(TASK TO COMPLETE): Quote the entries below from the line with "The Art of Reincarnation" through the line with "297 Factory Road, Cedarville, NJ", both ends included, and only those lines.

*** Opening SUPPLIED MATERIAL ***

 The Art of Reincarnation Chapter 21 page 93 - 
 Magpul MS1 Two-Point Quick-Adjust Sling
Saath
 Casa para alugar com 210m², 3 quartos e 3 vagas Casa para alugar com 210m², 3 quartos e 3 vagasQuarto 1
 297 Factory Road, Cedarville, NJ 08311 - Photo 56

*** Closing SUPPLIED MATERIAL ***
*** Opening SUPPLIED MATERIAL ***

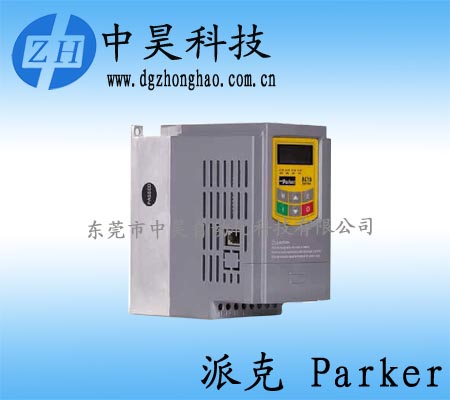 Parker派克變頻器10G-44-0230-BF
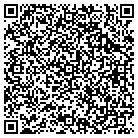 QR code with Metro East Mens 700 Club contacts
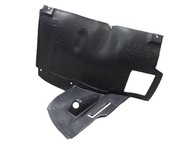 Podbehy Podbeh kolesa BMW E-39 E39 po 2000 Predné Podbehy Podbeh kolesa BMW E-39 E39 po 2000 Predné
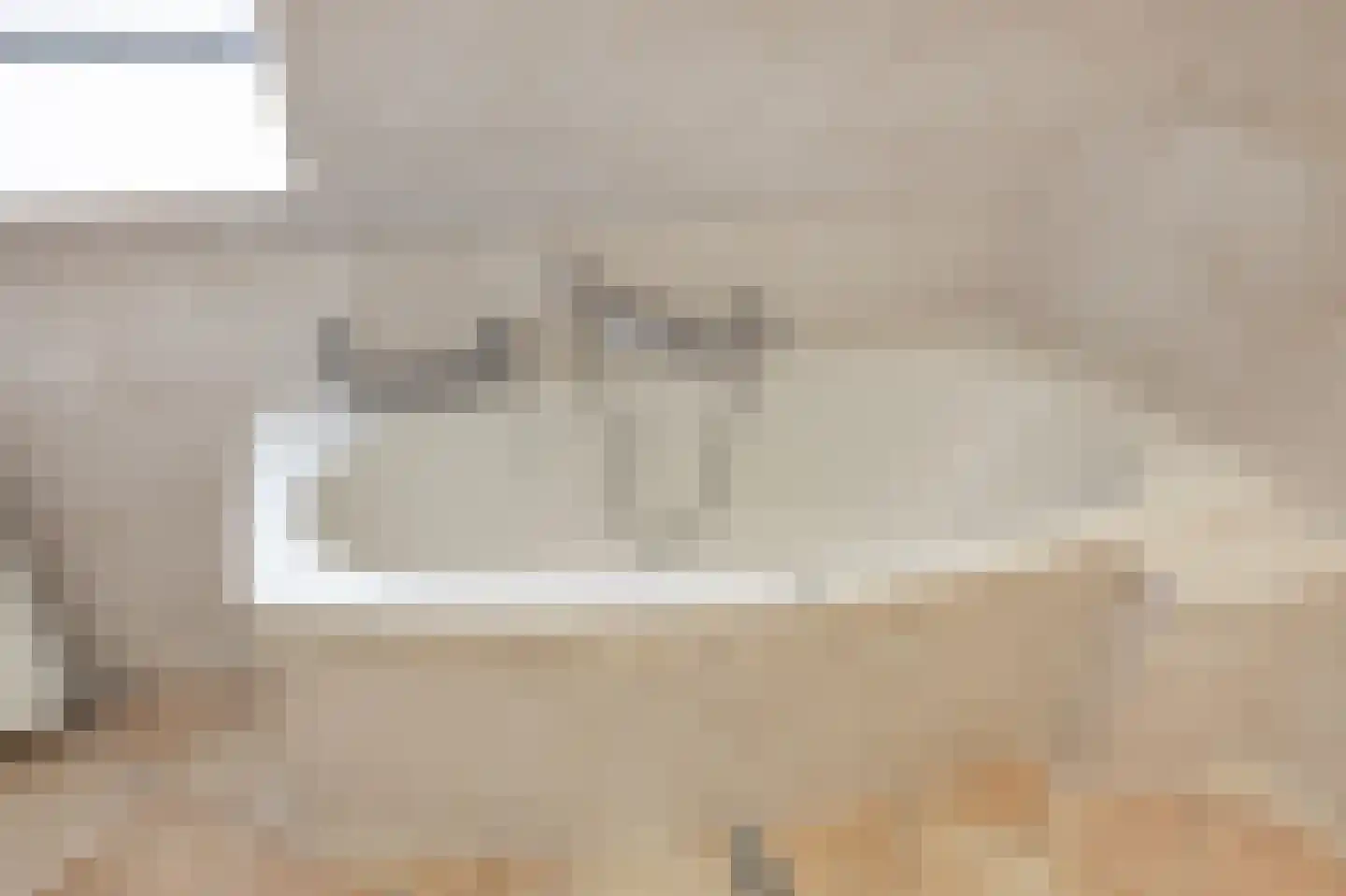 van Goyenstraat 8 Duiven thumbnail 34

*** Closing SUPPLIED MATERIAL ***

(OUTPUT):
 The Art of Reincarnation Chapter 21 page 93 - 
 Magpul MS1 Two-Point Quick-Adjust Sling
Saath
 Casa para alugar com 210m², 3 quartos e 3 vagas Casa para alugar com 210m², 3 quartos e 3 vagasQuarto 1
 297 Factory Road, Cedarville, NJ 08311 - Photo 56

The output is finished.